(Saved entries)
────────────────────────────────────────

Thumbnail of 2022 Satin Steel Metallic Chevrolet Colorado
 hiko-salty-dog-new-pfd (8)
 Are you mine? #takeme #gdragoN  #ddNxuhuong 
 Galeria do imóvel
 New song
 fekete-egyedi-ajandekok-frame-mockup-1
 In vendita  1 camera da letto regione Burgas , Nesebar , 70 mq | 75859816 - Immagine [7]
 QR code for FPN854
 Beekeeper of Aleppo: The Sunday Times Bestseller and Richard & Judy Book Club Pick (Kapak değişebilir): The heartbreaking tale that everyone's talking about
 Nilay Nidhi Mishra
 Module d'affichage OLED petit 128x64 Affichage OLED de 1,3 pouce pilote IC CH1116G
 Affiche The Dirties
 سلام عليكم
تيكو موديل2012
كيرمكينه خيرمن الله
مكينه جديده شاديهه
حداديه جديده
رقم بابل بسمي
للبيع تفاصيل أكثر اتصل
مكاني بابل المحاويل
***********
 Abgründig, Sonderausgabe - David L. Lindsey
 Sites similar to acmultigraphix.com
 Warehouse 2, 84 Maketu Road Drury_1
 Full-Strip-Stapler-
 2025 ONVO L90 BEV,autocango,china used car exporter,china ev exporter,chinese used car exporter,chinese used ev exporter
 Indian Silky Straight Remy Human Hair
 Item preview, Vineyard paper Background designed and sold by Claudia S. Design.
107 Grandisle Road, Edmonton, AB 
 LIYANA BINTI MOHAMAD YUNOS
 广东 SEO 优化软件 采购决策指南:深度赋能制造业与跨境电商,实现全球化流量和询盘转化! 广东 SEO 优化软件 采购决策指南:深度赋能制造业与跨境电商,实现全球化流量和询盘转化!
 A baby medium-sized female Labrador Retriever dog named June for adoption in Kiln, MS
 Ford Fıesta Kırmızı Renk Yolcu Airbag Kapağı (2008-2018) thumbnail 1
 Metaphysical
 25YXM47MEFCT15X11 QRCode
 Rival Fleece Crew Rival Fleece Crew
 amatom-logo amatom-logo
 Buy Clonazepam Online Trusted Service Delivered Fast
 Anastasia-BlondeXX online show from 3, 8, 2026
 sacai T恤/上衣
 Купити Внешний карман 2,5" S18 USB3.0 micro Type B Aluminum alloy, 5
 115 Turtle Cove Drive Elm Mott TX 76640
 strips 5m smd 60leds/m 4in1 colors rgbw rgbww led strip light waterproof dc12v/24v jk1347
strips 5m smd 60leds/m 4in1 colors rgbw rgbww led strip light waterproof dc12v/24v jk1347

────────────────────────────────────────

» **Your objective**
Could you set down, exactly as written, the lines above between the one holding "للبيع تفاصيل أكثر اتصل" and the one holding "广东 SEO 优化软件 采购决策指南:深度赋能制造业与跨境电商,实现全球化流量和询盘转化! 广东", inclusive, and nothing more?

» **Reply**
للبيع تفاصيل أكثر اتصل
مكاني بابل المحاويل
***********
 Abgründig, Sonderausgabe - David L. Lindsey
 Sites similar to acmultigraphix.com
 Warehouse 2, 84 Maketu Road Drury_1
 Full-Strip-Stapler-
 2025 ONVO L90 BEV,autocango,china used car exporter,china ev exporter,chinese used car exporter,chinese used ev exporter
 Indian Silky Straight Remy Human Hair
 Item preview, Vineyard paper Background designed and sold by Claudia S. Design.
107 Grandisle Road, Edmonton, AB 
 LIYANA BINTI MOHAMAD YUNOS
 广东 SEO 优化软件 采购决策指南:深度赋能制造业与跨境电商,实现全球化流量和询盘转化! 广东 SEO 优化软件 采购决策指南:深度赋能制造业与跨境电商,实现全球化流量和询盘转化!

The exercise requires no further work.